La nouvelle déclaration du président de la RFEF tranche avec l’assurance affichée ces derniers mois par certains médias espagnols, et confirme que Casablanca est toujours en lice, au même titre que Madrid et Barcelone, pour abriter la finale du Mondial 2030.

Dans des propos recueillis par l’agence de presse espagnole Europa Press lors du Business Sport Forum organisé par Expansión et Marca, Rafael Louzán a explicitement affiché ses ambitions. « Je crois que l’Espagne, en raison de son leadership dans ce Mondial et du fait qu’elle représente 55% de son organisation, doit prétendre à accueillir cette grande finale », a-t-il déclaré, ajoutant son souhait que ce soit « le meilleur Mondial de l’histoire ».

Le président de la RFEF a rappelé que l’organisation conjointe avec le Portugal et le Maroc nécessitait d’importantes mises à jour des infrastructures espagnoles, héritées du Mondial 1982. Il a chiffré les investissements nécessaires à « un peu plus de 1,4 milliard d’euros« , couvrant à la fois les stades principaux et secondaires, et les infrastructures civiles comme « les aéroports, les routes et le secteur de la santé ».

Rafael Louzán a rappelé la répartition actuelle des sites présélectionnés : 11 pour l’Espagne, 6 pour le Maroc et 3 pour le Portugal, tout en soulignant que « la FIFA aura le dernier mot ». Il a également mentionné deux villes espagnoles ayant de fortes chances d’être confirmées ou ajoutées :

Valence, avec son nouveau stade de 70.000 places qui sera achevé en 2028 et deviendra « probablement le stade le plus moderne du football espagnol ».

Vigo, dont le stade atteindra 27.000 places, un chiffre inférieur aux 43.000 requis par la FIFA, mais le président a noté « l’enthousiasme » du maire et la possibilité d’atteindre « jusqu’à 12 sites parfaitement ».

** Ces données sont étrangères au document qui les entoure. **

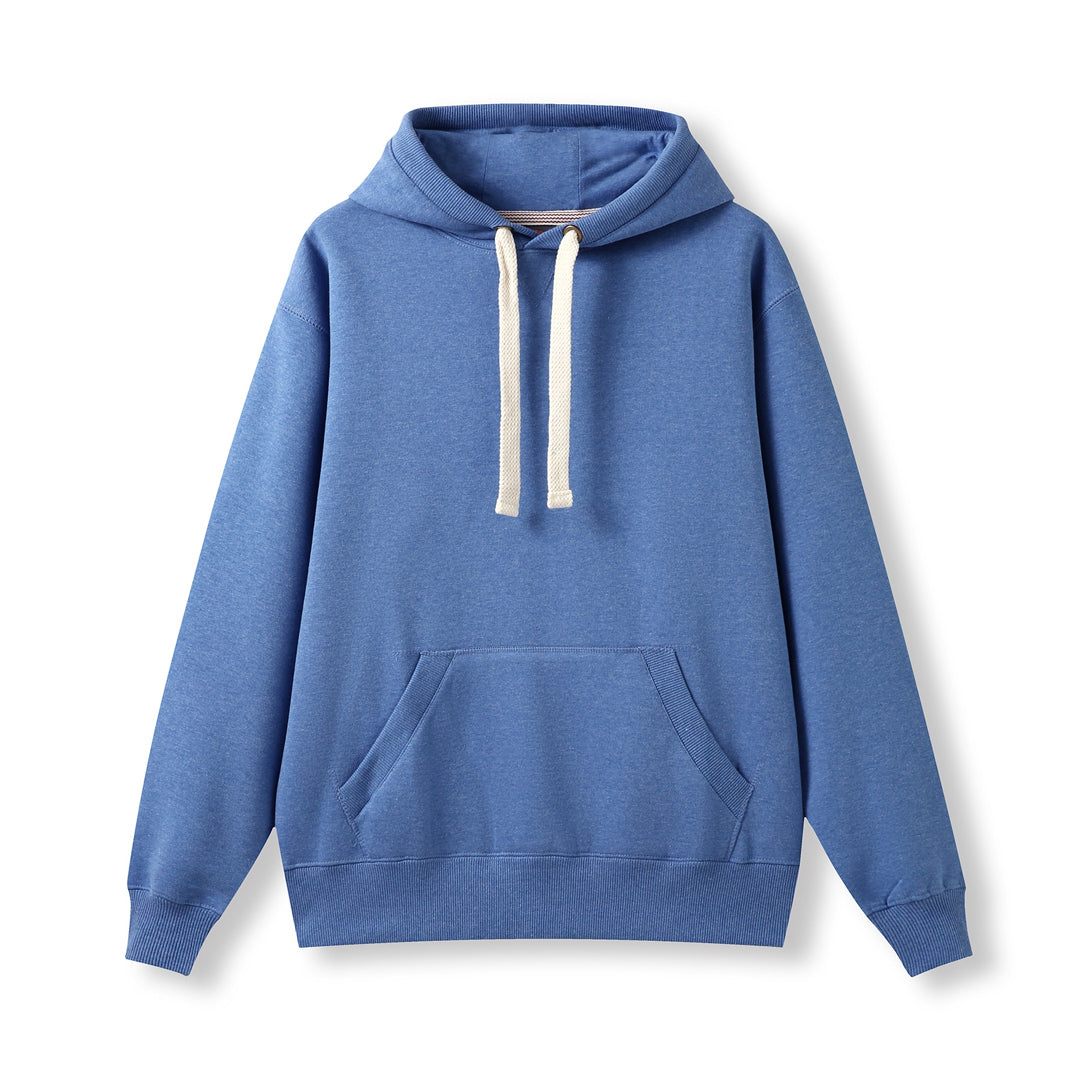 Ramo The Brushed Heavy Fleece Pull On Hoodie | Mens Blue Marle Hoodie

Pour Rafael Louzán, ce Mondial est un « levier vital » pour moderniser les stades espagnols, citant l’exemple de La Romareda à Saragosse, un stade du Mondial 82 qui « avait grand besoin de cette mise à jour ». Il a insisté sur le fait que le tournoi sera « celui de la durabilité », précisant que les améliorations devront être pérennes. Il a même évoqué avoir suggéré à la FIFA d’abaisser son seuil de 43.000 spectateurs, arguant que le défi est d’assurer un taux d’occupation élevé de ces enceintes après l’événement. Ce Mondial, a-t-il conclu, doit « laisser une empreinte historique ».

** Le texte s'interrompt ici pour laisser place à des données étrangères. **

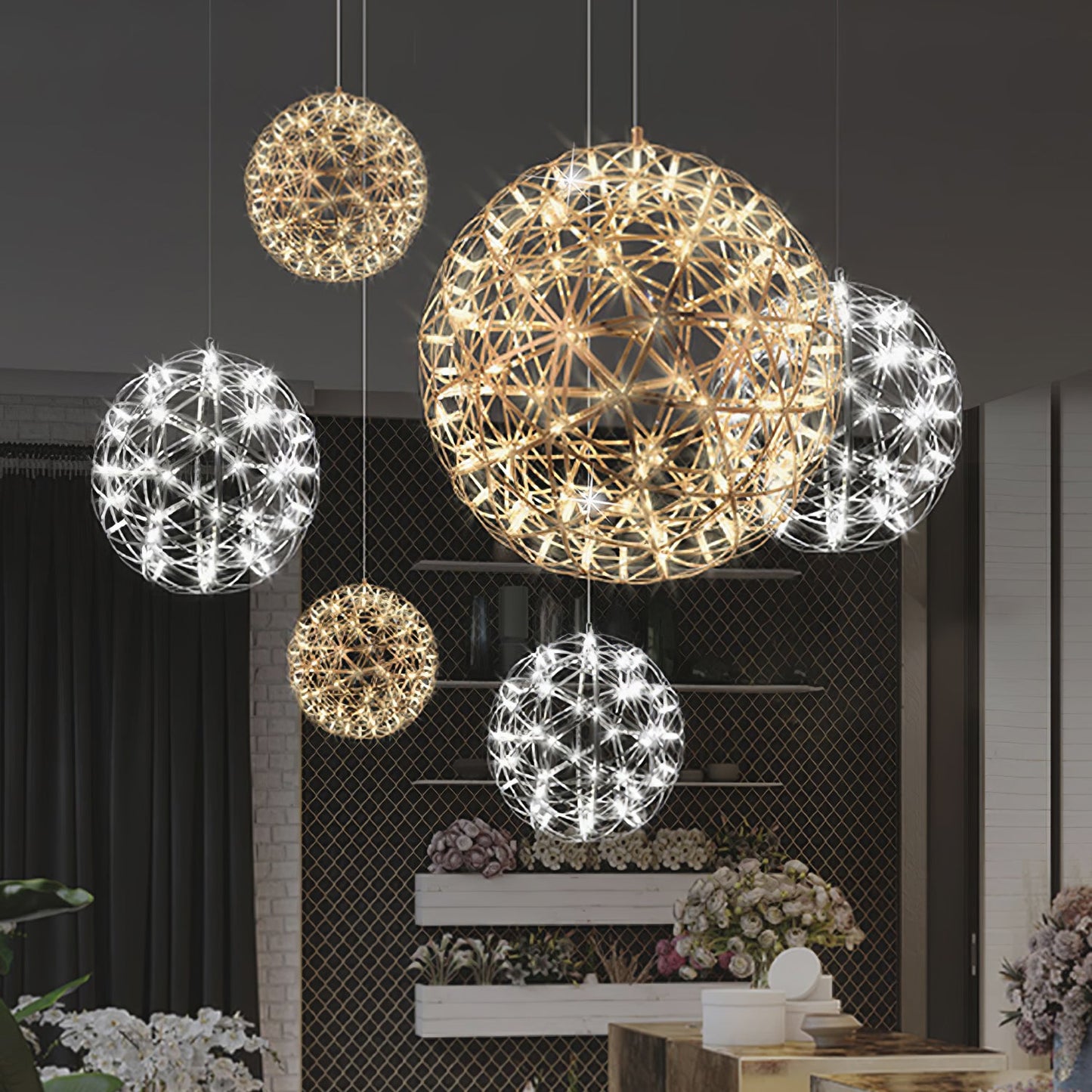 Gold Spark Ball Pendant Light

Rappelons que le président de la Fédération royale marocaine de football (FRMF), Fouzi Lekjaa, avait affirmé en juillet dernier que le choix des stades qui accueilleront les matchs du Mondial 2030 se ferait en coordination étroite entre les trois pays organisateurs – le Maroc, l’Espagne et le Portugal – et en concertation avec la FIFA. « La décision finale sur la question des stades nécessitera encore plusieurs cycles de concertation ».

Dans le cadre de son partenariat tripartite pour l’organisation du Mondial, le Maroc ambitionne que le « Grand Stade Hassan II » de Casablanca, actuellement en construction, soit choisi pour accueillir la finale du tournoi. Cette enceinte sportive figurera parmi les plus grands stades du monde, avec une capacité d’accueil pouvant atteindre 115.000 spectateurs.

Selon nos sources, la décision ne sera pas prise avant 2026 ou 2027. La part de 55% du Mondial mise en avant par le président de la Fédération espagnole est fausse. En effet, la base de ce calcul est le nombre de stades. Alors que la bonne méthode consiste à choisir le nombre de matchs comme critère. En raison de sa politique régionale et du poids des régions, l’Espagne est obligée de délocaliser et de répartir le maximum de matchs sur son territoire.

Enfin, il va sans dire que l’Espagne et le Portugal représentent l’Europe dans l’organisation du Mondial 2030 ; et le Maroc l’Afrique. L’Afrique qui jusqu’à présent n’a accueilli qu’une seule finale sur son sol.

La volonté marocaine d’accueillir la finale est donc fortement légitime.